**WORK TO COMPLETE**
Please copy exactly the line containing "STONEGATE - Residential" and every line after it, through the last line of the records below, leaving out all pictures.

**RECORDS SHOWN**
----------
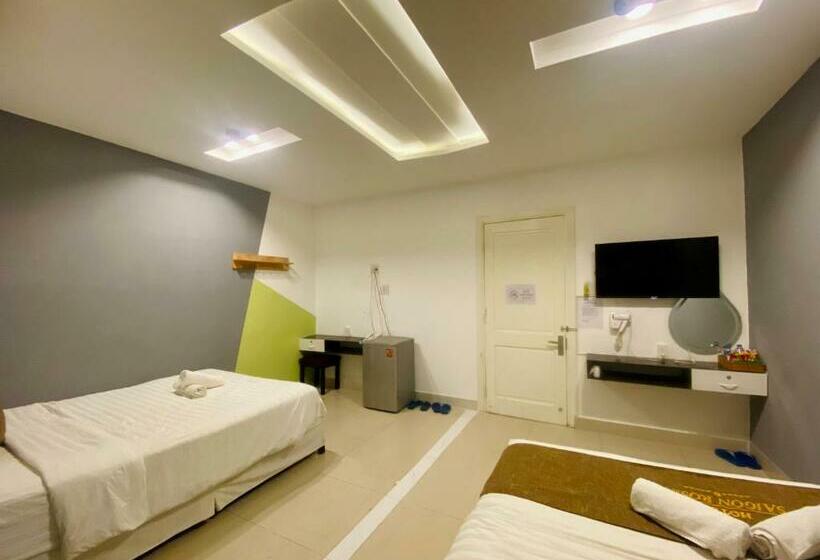 Standard Room, Saigon Rose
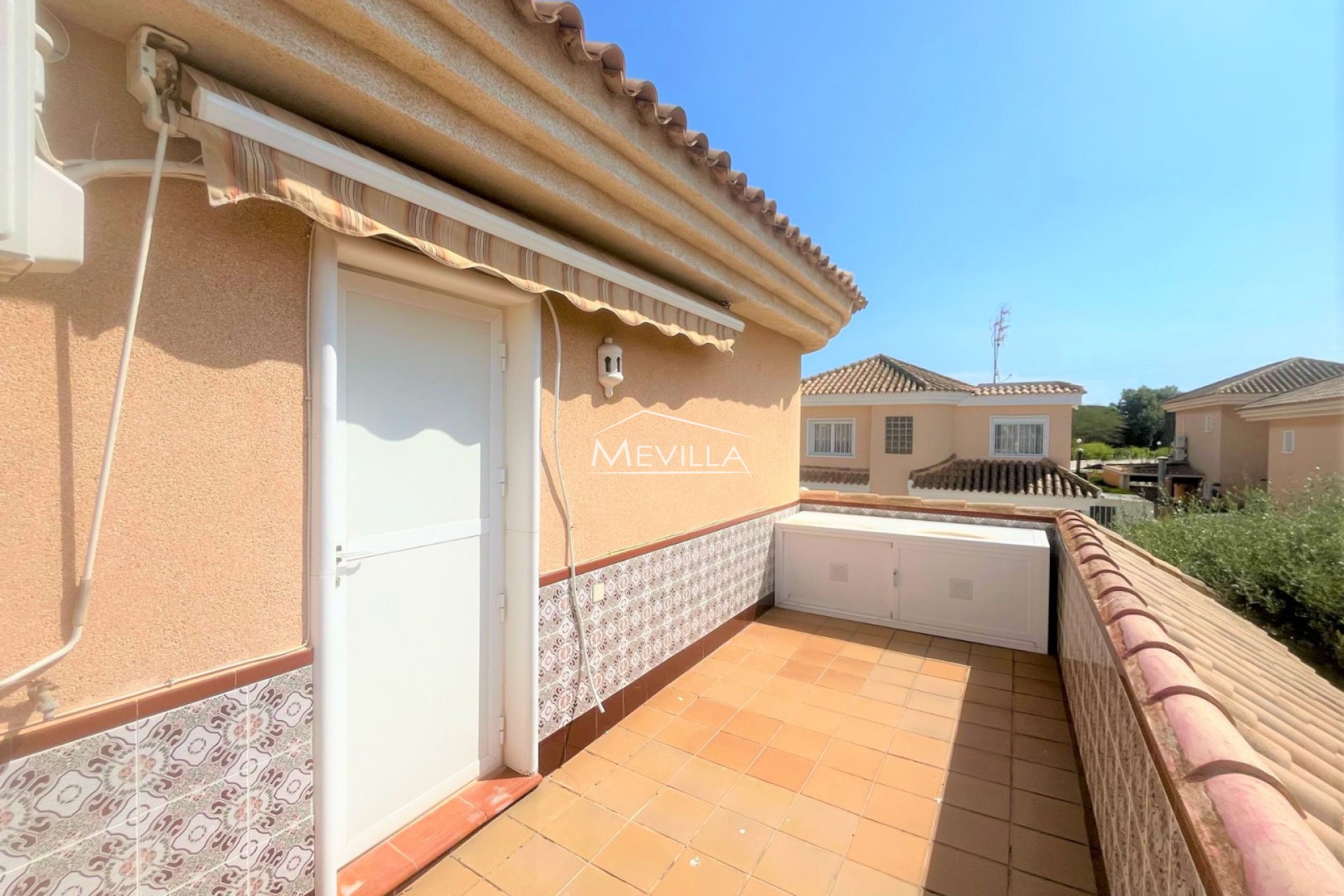 Återförsäljare - Villa - Torrevieja - Los Altos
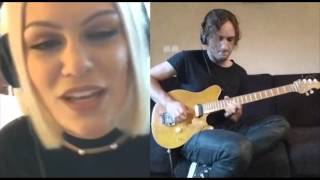Download lagu Flashlight - Jessie J & Andre Antunes | Guitar Solo | Smule Sing! mp3 Download lagu Flashlight - Jessie J & Andre Antunes | Guitar Solo | Smule Sing! mp3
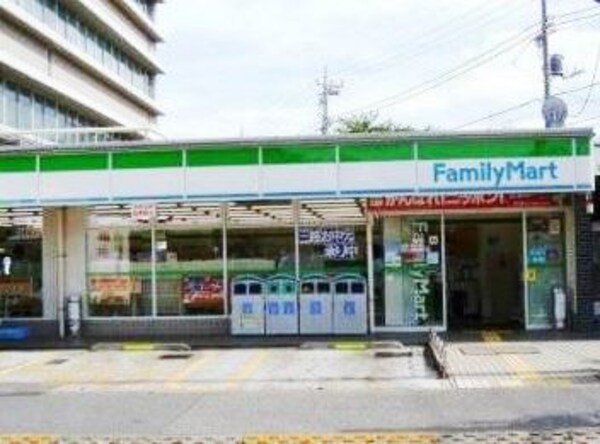 周辺環境(ファミリーマート　弦巻駒留通り店 574m)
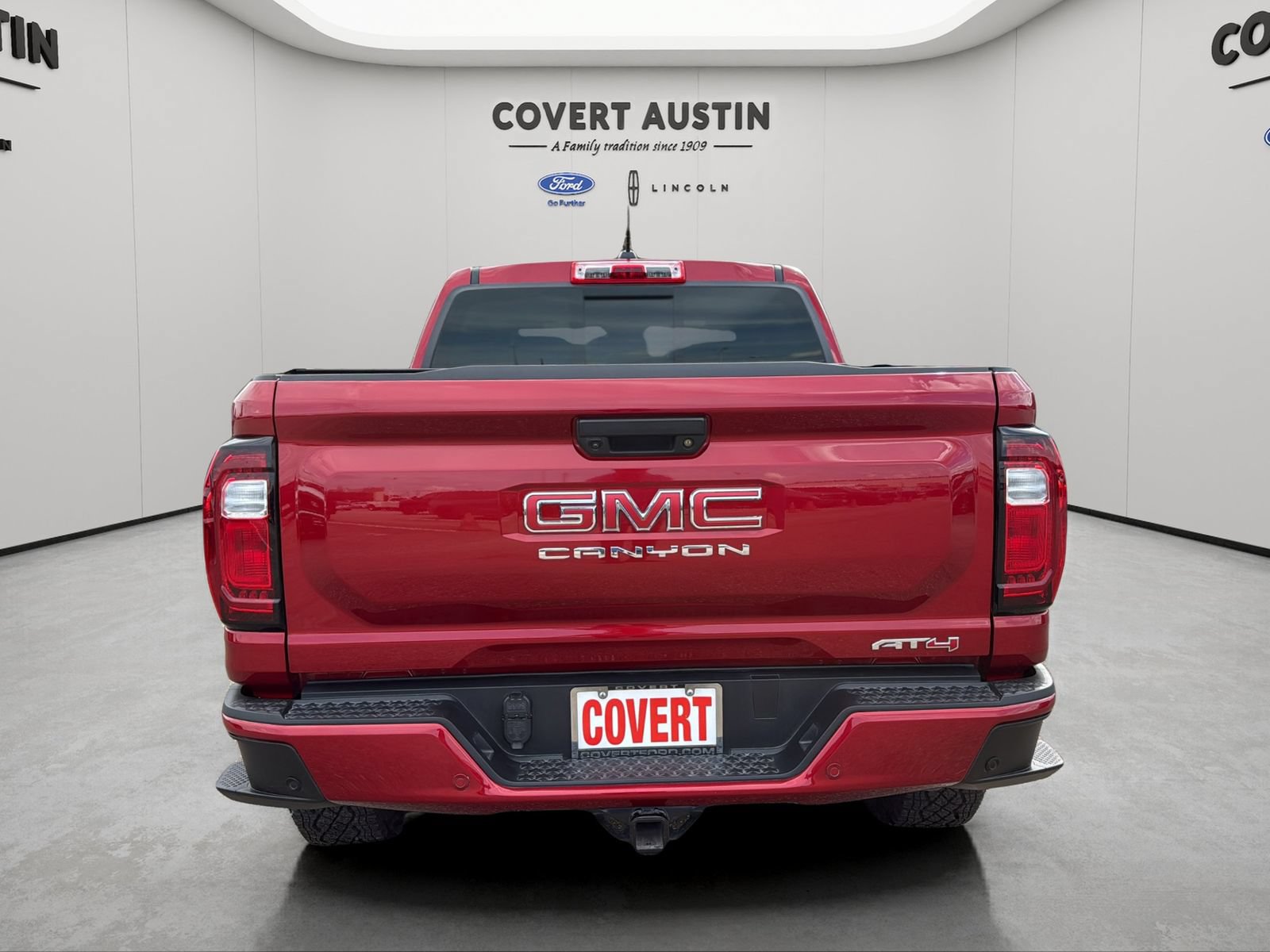 Used 2024 GMC Canyon AT4 w/ AT4 Premium Package AWD/4WD image 4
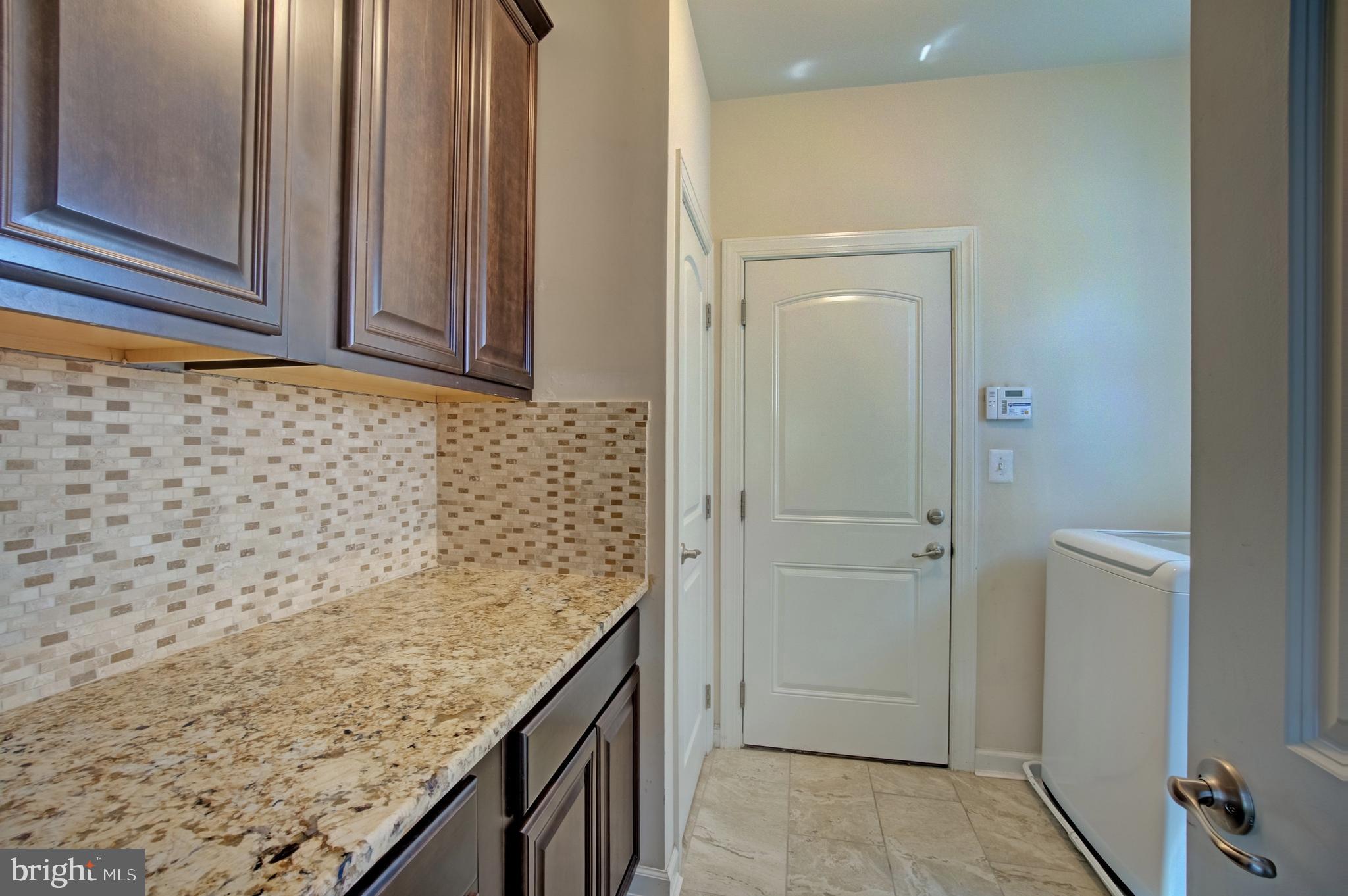 STONEGATE - Residential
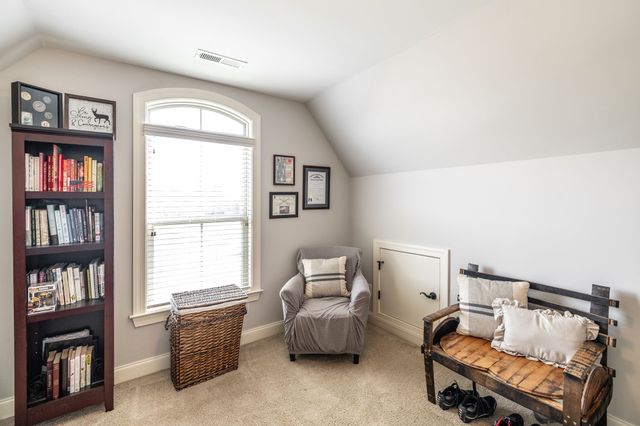 2140 Gorden Xing, Gallatin, TN 37066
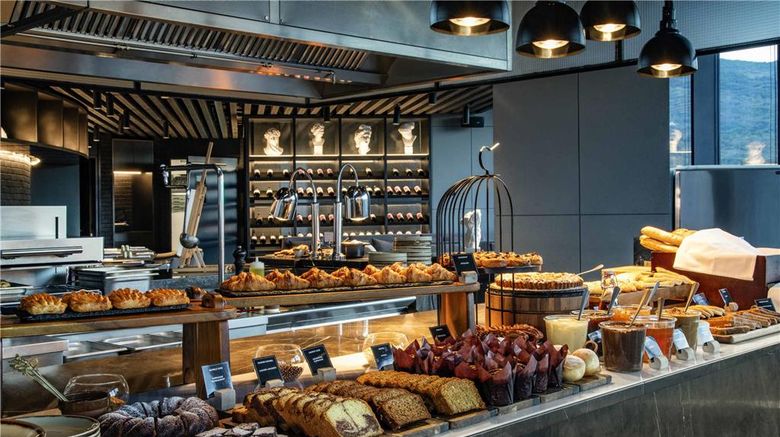 <b>Pullman Tbilisi Axis Towers Restaurant</b>. Images powered by <a href="https://iceportal.shijigroup.com/" title="IcePortal" target="_blank">IcePortal</a>.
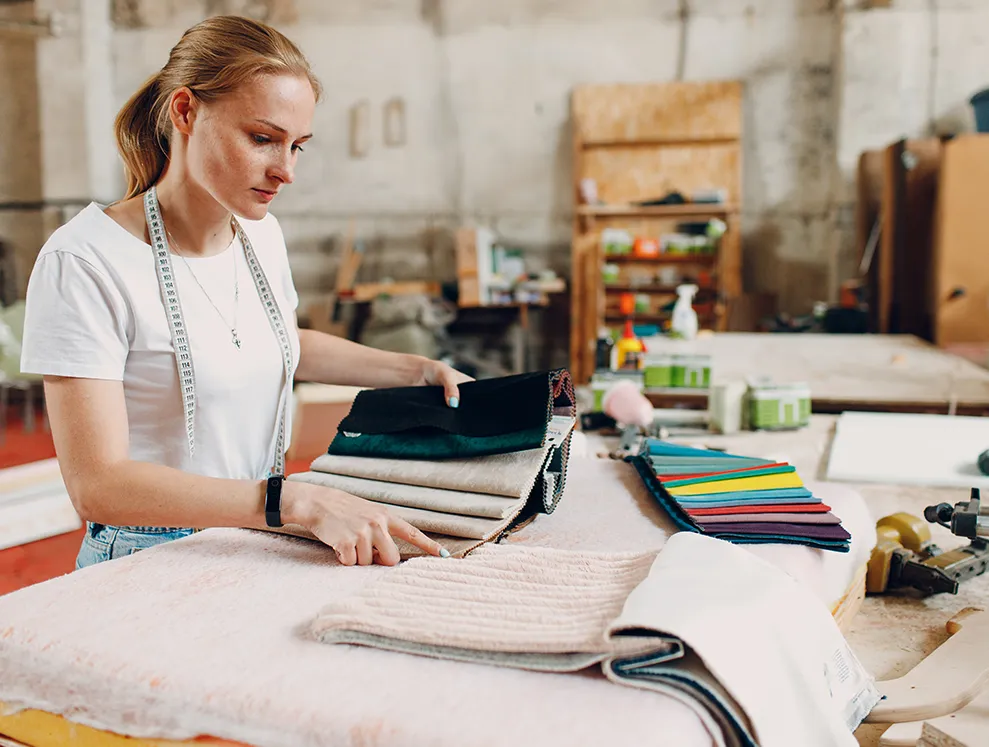 Una empleada buscado telas para tapizar un sofá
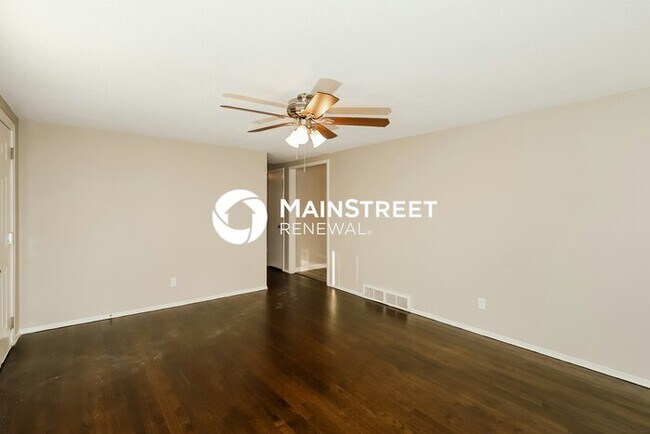 Photo - 4037 N Spruce Ave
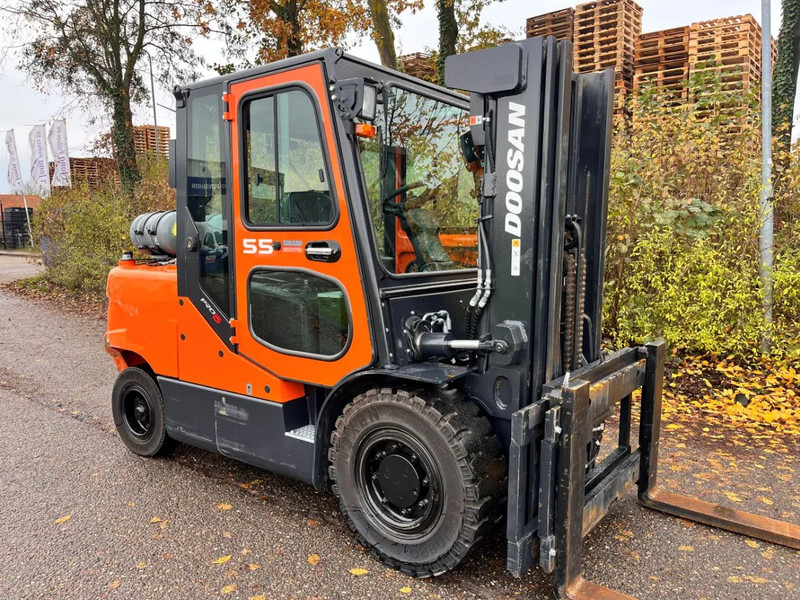 Doosan G55C-5   1593 HOURS - Газовый погрузчик: фото 5 Doosan G55C-5   1593 HOURS - Газовый погрузчик: фото 5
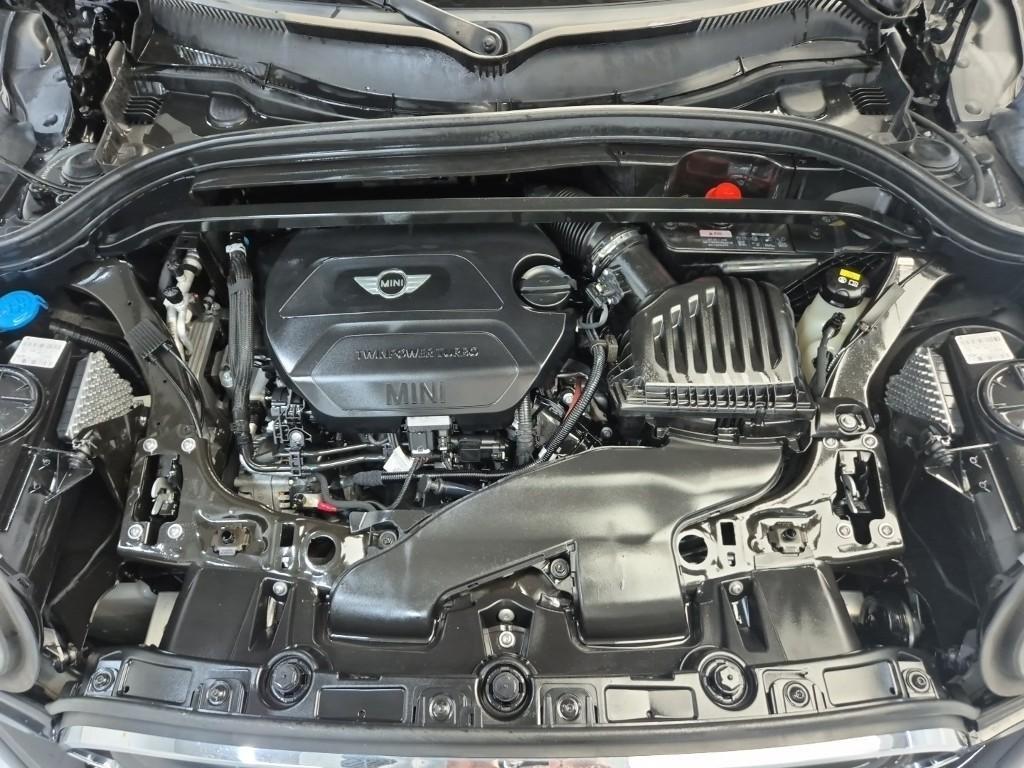 Mini Countryman - Vista 5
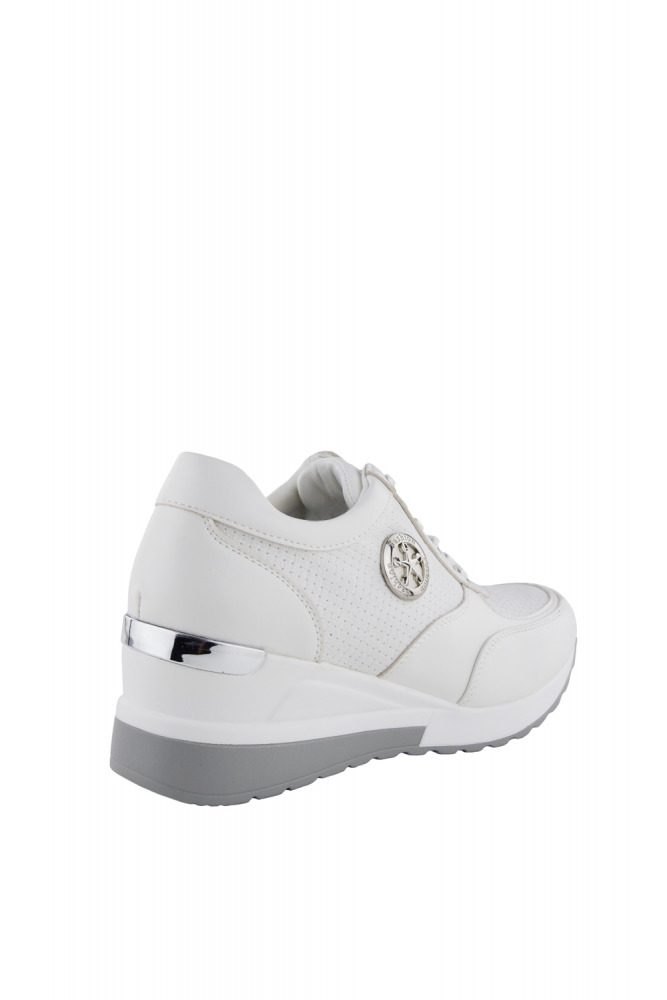 Tenisky na klinovom podpätku so striebornou dekoráciou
----------
**SOLUTION**
 STONEGATE - Residential
 2140 Gorden Xing, Gallatin, TN 37066
 <b>Pullman Tbilisi Axis Towers Restaurant</b>. Images powered by <a href="https://iceportal.shijigroup.com/" title="IcePortal" target="_blank">IcePortal</a>.
 Una empleada buscado telas para tapizar un sofá
 Photo - 4037 N Spruce Ave
 Doosan G55C-5   1593 HOURS - Газовый погрузчик: фото 5 Doosan G55C-5   1593 HOURS - Газовый погрузчик: фото 5
 Mini Countryman - Vista 5
 Tenisky na klinovom podpätku so striebornou dekoráciou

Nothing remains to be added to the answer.